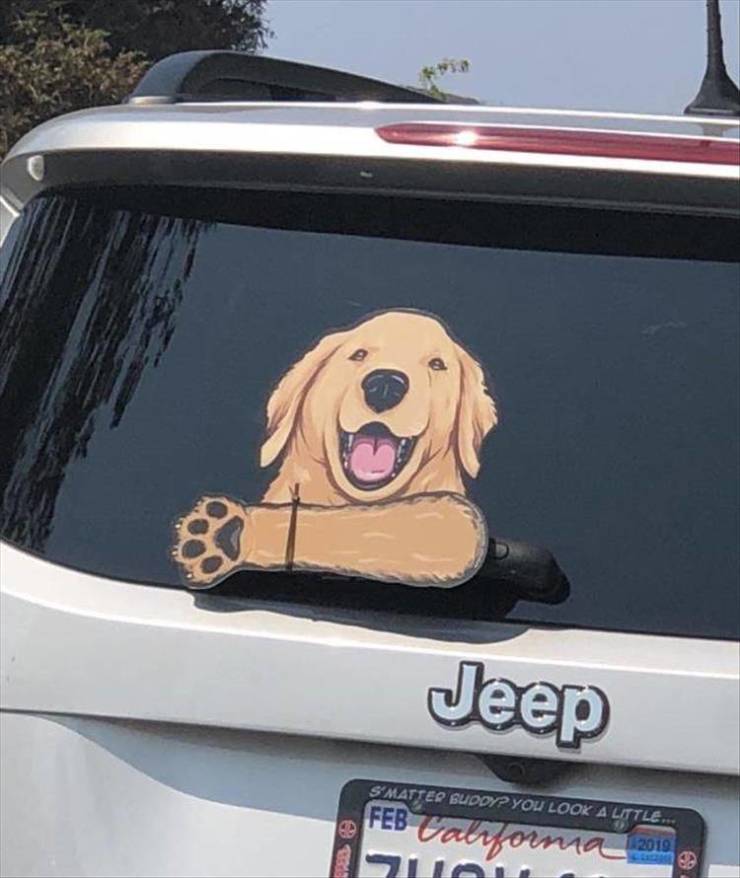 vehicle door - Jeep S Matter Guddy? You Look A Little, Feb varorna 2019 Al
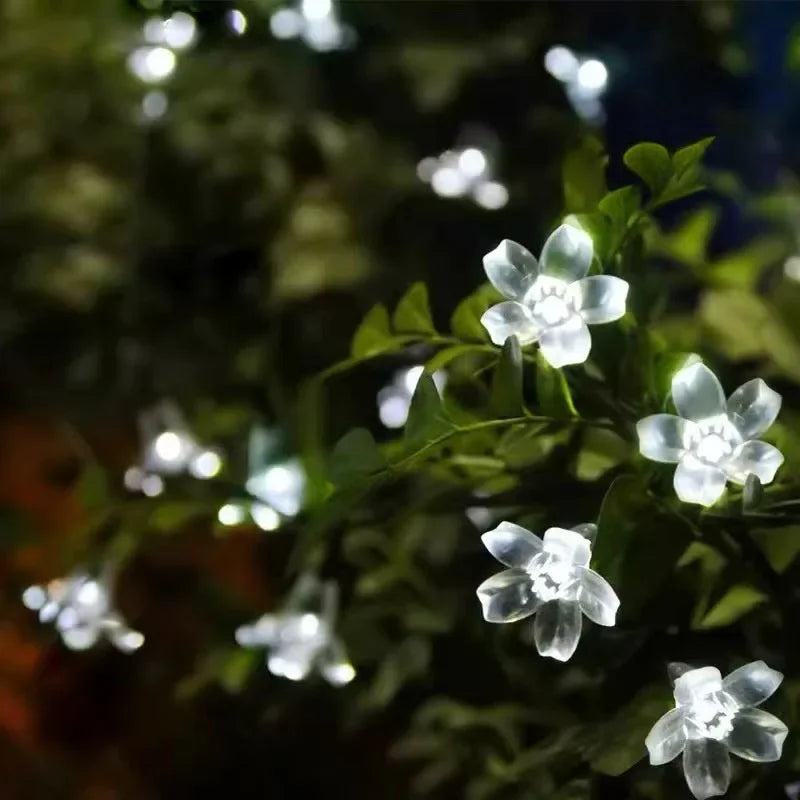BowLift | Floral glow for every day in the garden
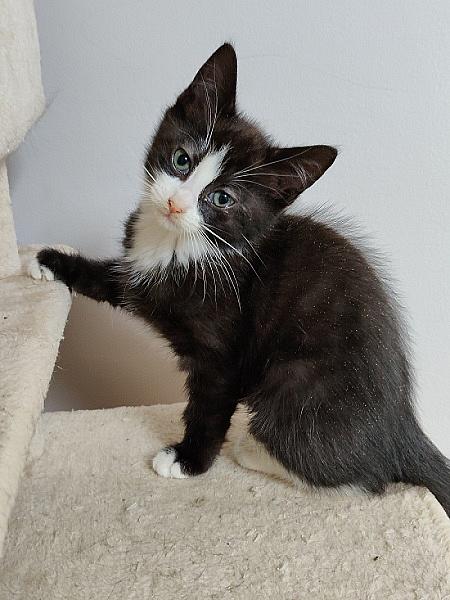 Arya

---

• _Your objective_: Once the pictures are set aside, give the listing again word for word.

• _Solution to this task_:
 vehicle door - Jeep S Matter Guddy? You Look A Little, Feb varorna 2019 Al
BowLift | Floral glow for every day in the garden
 Arya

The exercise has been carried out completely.